At least for now. Tomorrow – or later today maybe – I’ll probably take up my whacker and let somebody have it.
Then, I will take consolation in knowing I am not alone in this game in which moles are forced back into their holes by hitting them directly on the head with the mallet. Whac-A-Mole is, after all, “both primal and universal,” observed Ron Lieber in this past July 1 edition of the New York Times.
‘Eighty-countries’ universal in fact, say manufacturers of the game.
In the carnival version (as opposed to the single-player game which can be installed in your own home – perhaps your therapist has one in his office) multi-player Whac-A-Moles are linked in large banks together with the goal to be the first player to hit the most moles in the least amount of time for which you win a stuffed animal – perhaps a mole – which can be traded up, should you win again, for a larger stuffed animal, maybe the coveted King Mole, which can then be carried about the fair declaring yourself one not to be messed with.
For non-winners – those whose reaction time is inversely proportional to the ever-increasing speed the moles randomly appear with each mole spending less time above the hole and with more moles outside of their holes at the same time – there is the aforementioned therapist, on-site even.
And, fortunately, for the Whac-A-Mole game host, as well as the other players, each mallet is “attached to the game by a rope in order to prevent patrons from walking away with it” – which is the official explanation for the rope – and/or exacting revenge being the other.
In either case – winners or losers – both having contributed significantly to the $100 million (you read that right) that manufactures estimate is spent annually to club these critters, I can now at least help you avoid the cost of a therapist since here’s how it in all likelihood would be played out:
Therapist: ‘Would you describe your efforts to manage your personal affairs much like you did in the Whac-A-Mole game, flailing away at life?’
Nods, too exhausted to say anything after too many games and too much money to win the King Mole.
‘Do you feel mocked, confused, and frustrated, not fast enough or strong enough to wallop the moles much less recognize financial or other opportunities until too late?’
‘Yes, yes, that’s me!
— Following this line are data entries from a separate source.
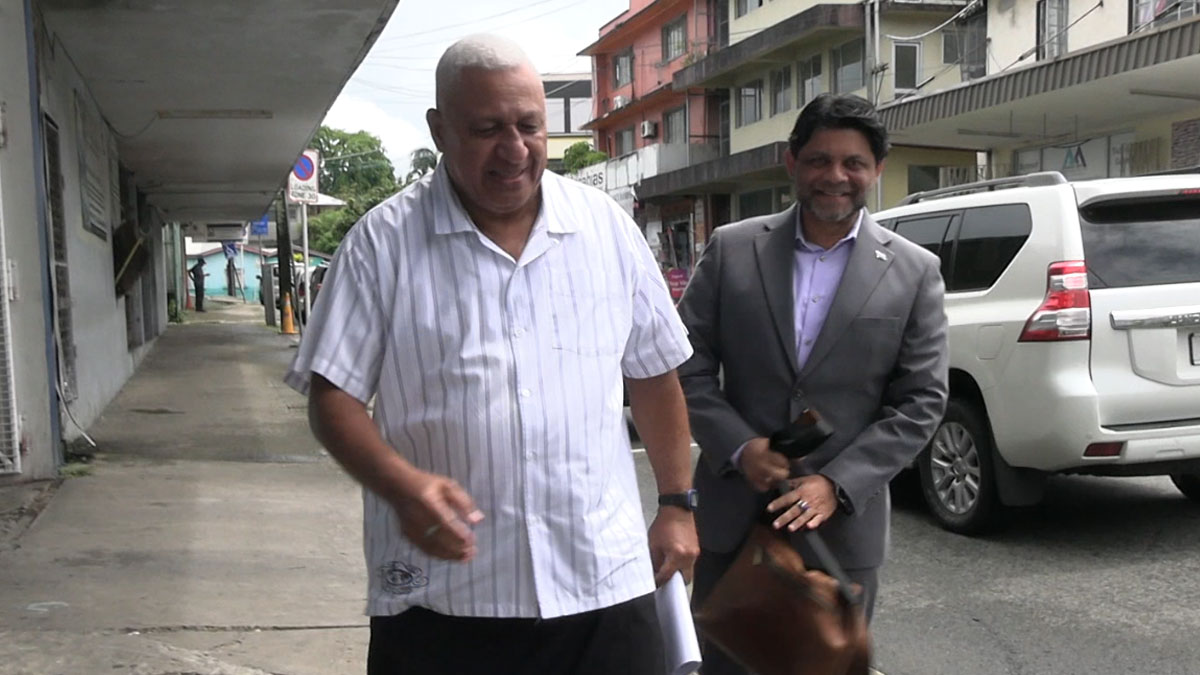 Bainimarama i Sayed-Khaiyum pozostają w trakcie przesłuchań, a Sharma została przeniesiona do Totogo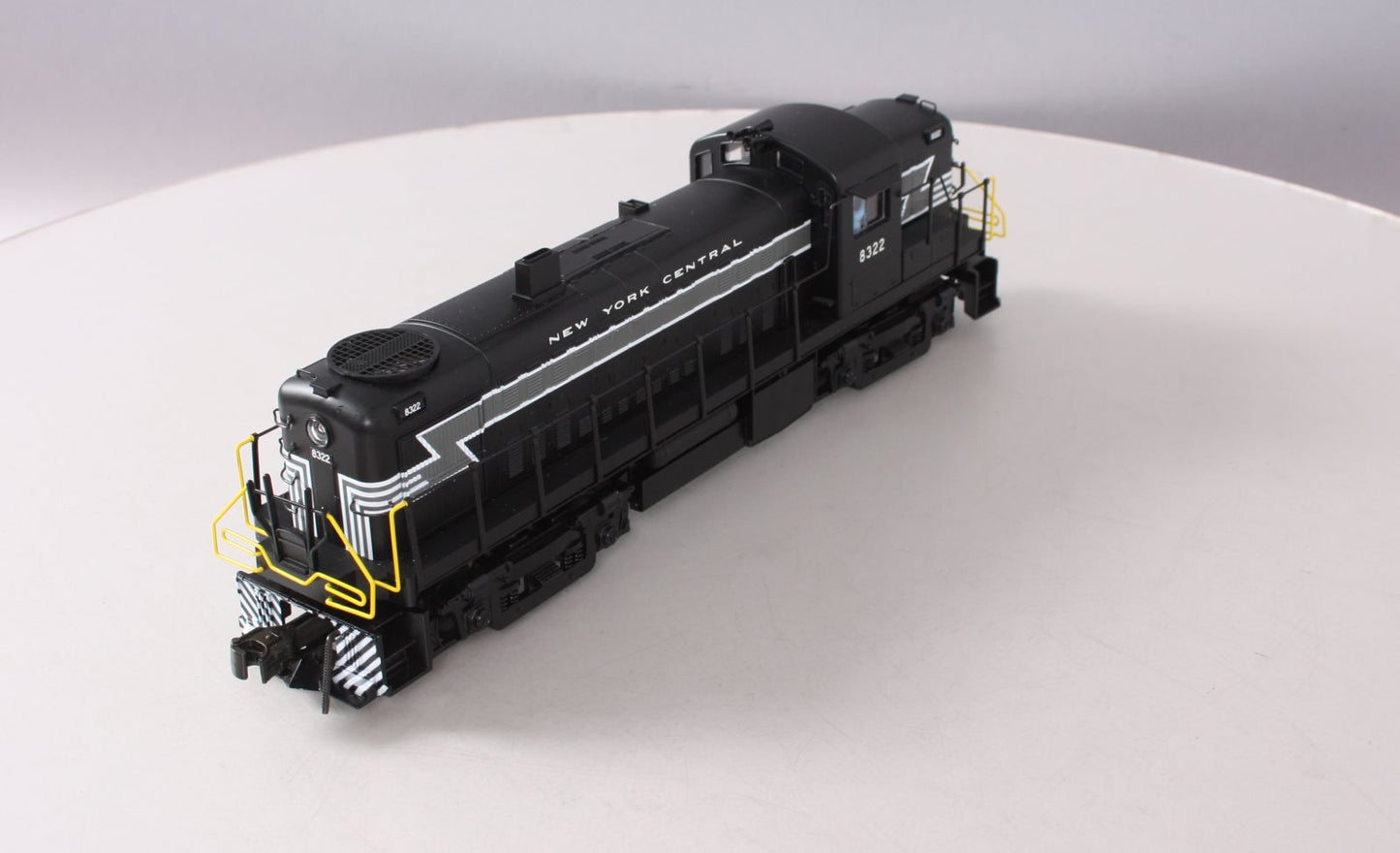 K-Line K2470-8322 O New York Central RS-3 Powered Diesel Locomotive #8322 EX/Box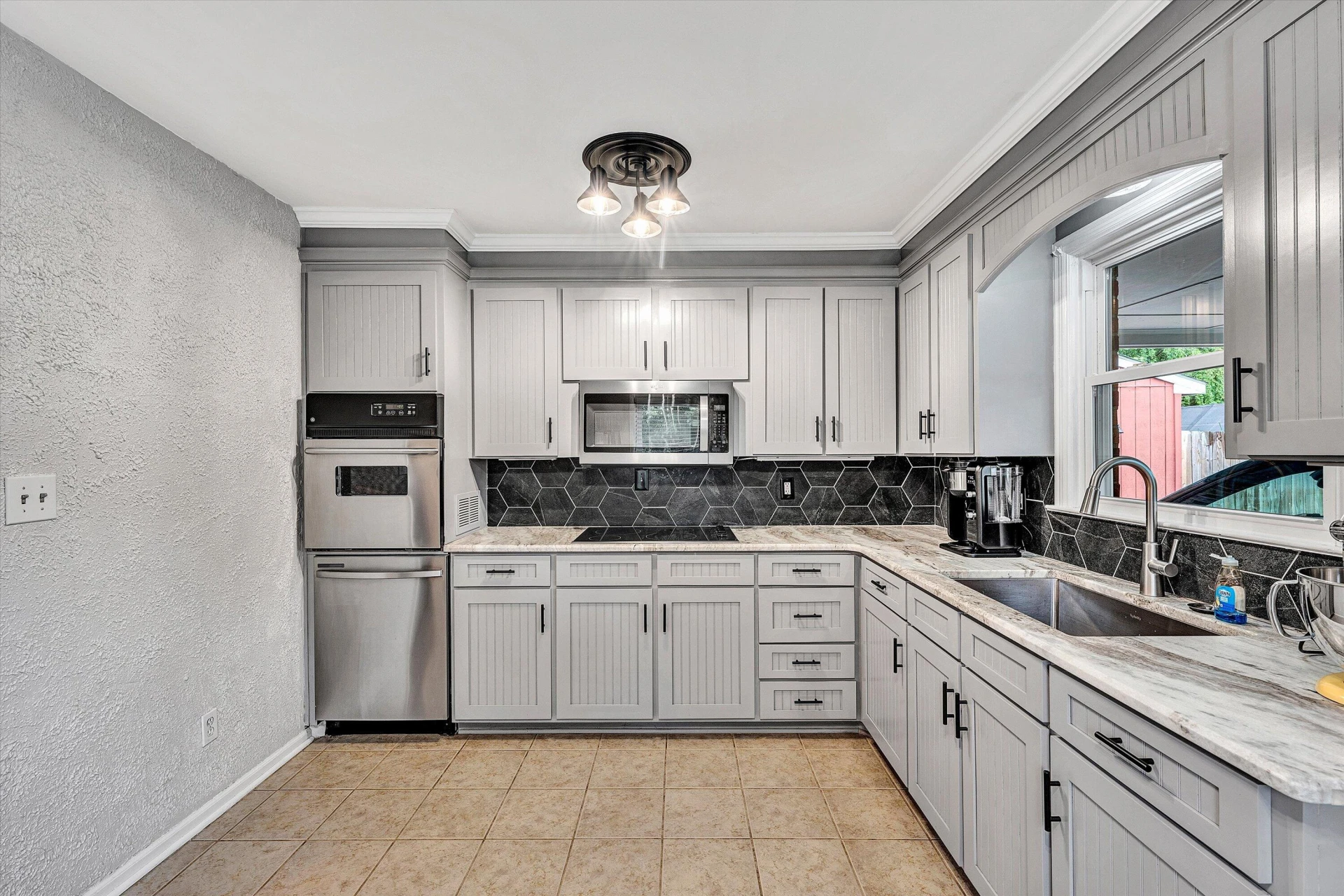 3166 Galloway DR - Photo 10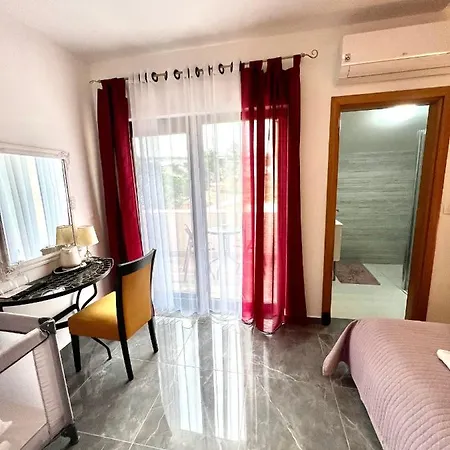 Antiqua Vendégház 4*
Just a failure. The moles came faster and faster until I missed too many and time expired.’
‘You’re an adult who challenged the mole, and the mole eluded you time-after-time. You had no control where the mole popped up and there was no pattern. The mole won didn’t it?’
Sobs.
‘Winning at whacking requires hair-trigger decision making and even if you react at twitch speed, most split-second decisions made in life will quite often lead to regret. Whacking at this and whacking at that is most often destined for failure. Ever pursuing a fleeting target, more frequently just missing it than not, is not unlike a ship without a rudder: hopelessly adrift, subject to every shift of wind and tide.’
Blows nose in the tissue the therapist handed him while nods in understanding.
‘Borrowing the title from Simon and Garfunkel’s ‘Slow Down, You Move Too Fast,’ you need to, well, slow down, you move too fast. As the Psalmist puts it, paraphrased, ‘make like a tree. Stay put. Sink your roots deep by the stream.’